■ **Records supplied**
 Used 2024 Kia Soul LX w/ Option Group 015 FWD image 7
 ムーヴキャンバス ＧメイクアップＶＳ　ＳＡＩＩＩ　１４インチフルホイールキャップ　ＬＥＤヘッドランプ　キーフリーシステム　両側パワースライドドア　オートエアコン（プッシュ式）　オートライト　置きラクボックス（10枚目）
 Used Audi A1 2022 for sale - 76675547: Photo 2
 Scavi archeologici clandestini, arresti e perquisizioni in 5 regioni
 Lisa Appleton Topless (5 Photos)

...

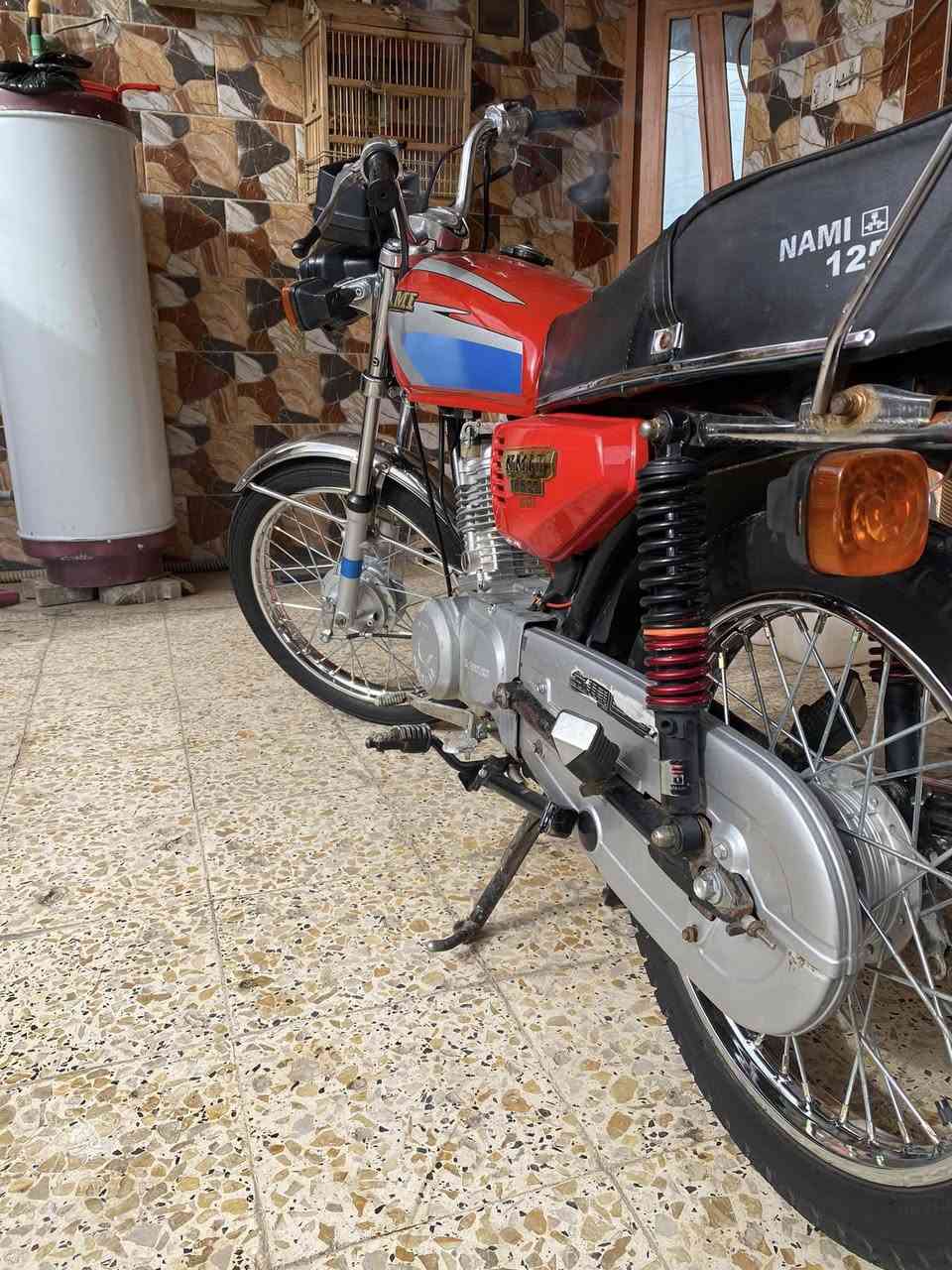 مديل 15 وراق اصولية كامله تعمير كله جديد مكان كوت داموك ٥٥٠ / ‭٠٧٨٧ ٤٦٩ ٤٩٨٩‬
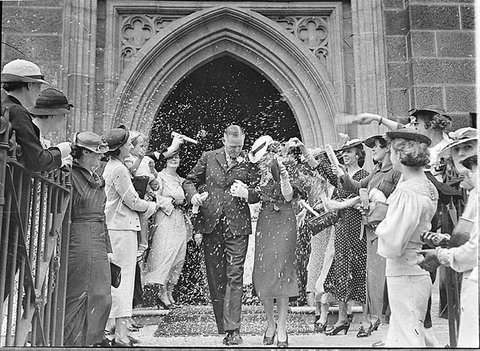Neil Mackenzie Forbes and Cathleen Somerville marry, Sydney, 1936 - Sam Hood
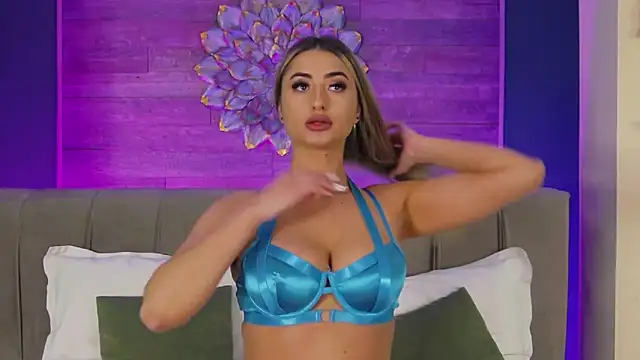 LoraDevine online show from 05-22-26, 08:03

■ **Problem to solve**
Please reproduce exactly the lines in the listing above from the one containing "Used Audi A1" through the one containing "Lisa Appleton Topless (5 Photos)", both included, and nothing more.

■ **Exercise solution**
 Used Audi A1 2022 for sale - 76675547: Photo 2
 Scavi archeologici clandestini, arresti e perquisizioni in 5 regioni
 Lisa Appleton Topless (5 Photos)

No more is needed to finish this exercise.